◆ EXERCISE
When the line with "2018 Avantis Enduro" turns up below, begin repeating exactly, and carry on through the line with "Hut moc 2 packable rs se Black"; no pictures go into the copy.

____ RECORDS SHOWN

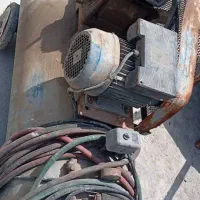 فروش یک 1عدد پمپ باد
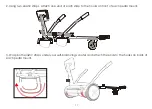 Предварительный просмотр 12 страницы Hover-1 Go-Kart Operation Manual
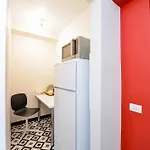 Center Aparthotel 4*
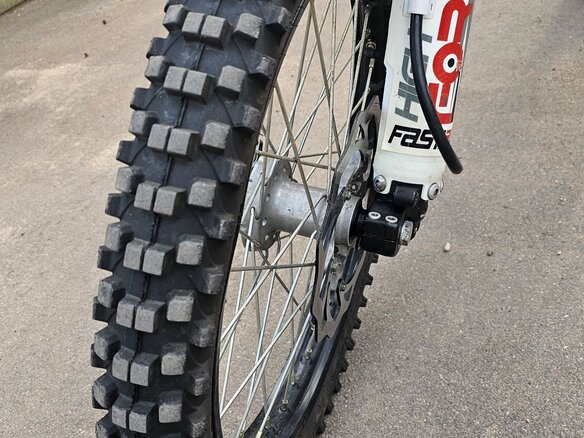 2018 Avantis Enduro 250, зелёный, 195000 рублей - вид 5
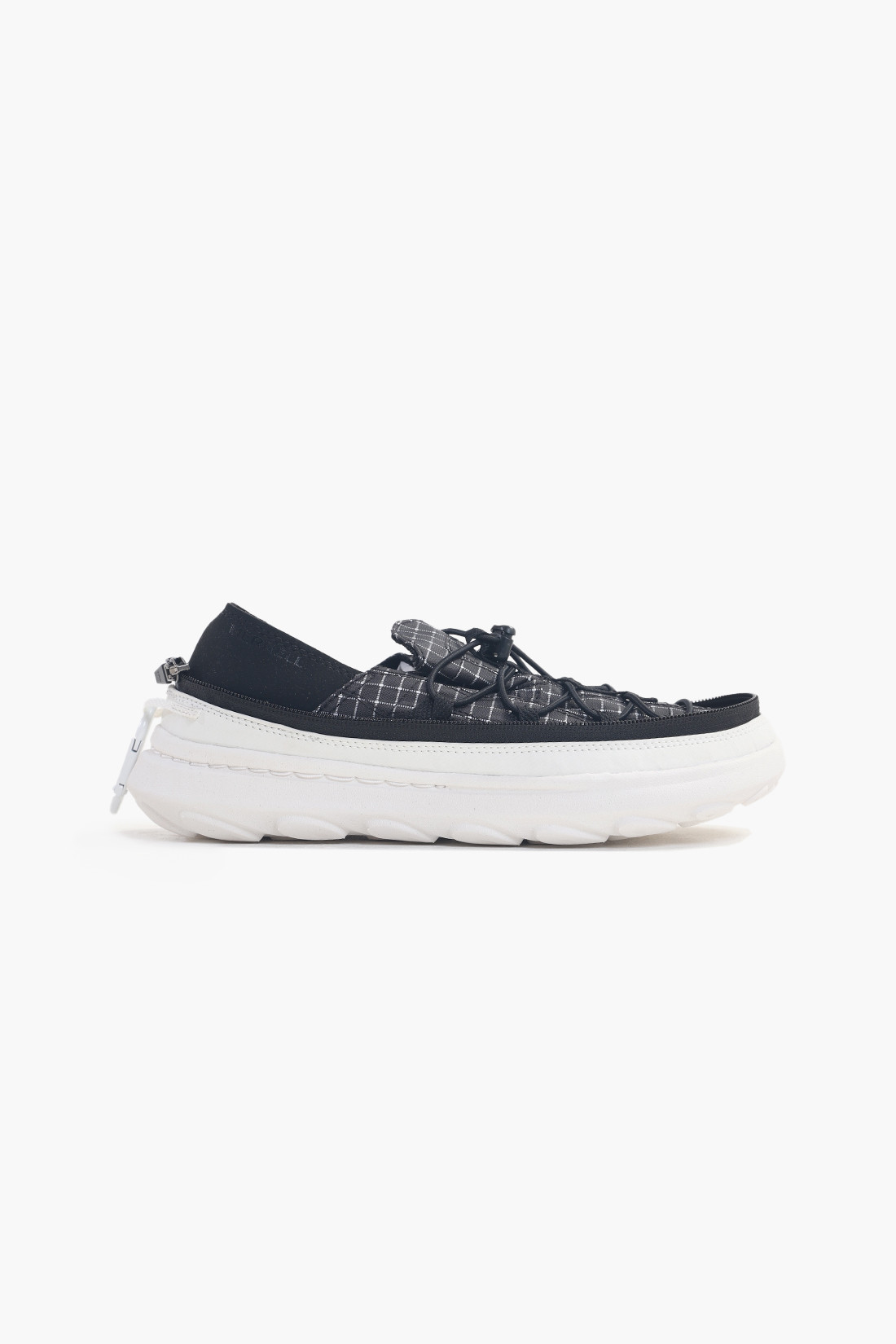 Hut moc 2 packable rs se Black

________
____ RECORDS SHOWN

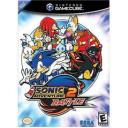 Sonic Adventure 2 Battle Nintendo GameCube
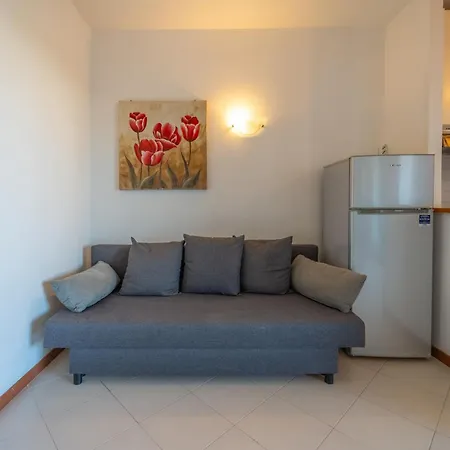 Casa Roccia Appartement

________

◆ REPLY TO THE EXERCISE
 2018 Avantis Enduro 250, зелёный, 195000 рублей - вид 5
 Hut moc 2 packable rs se Black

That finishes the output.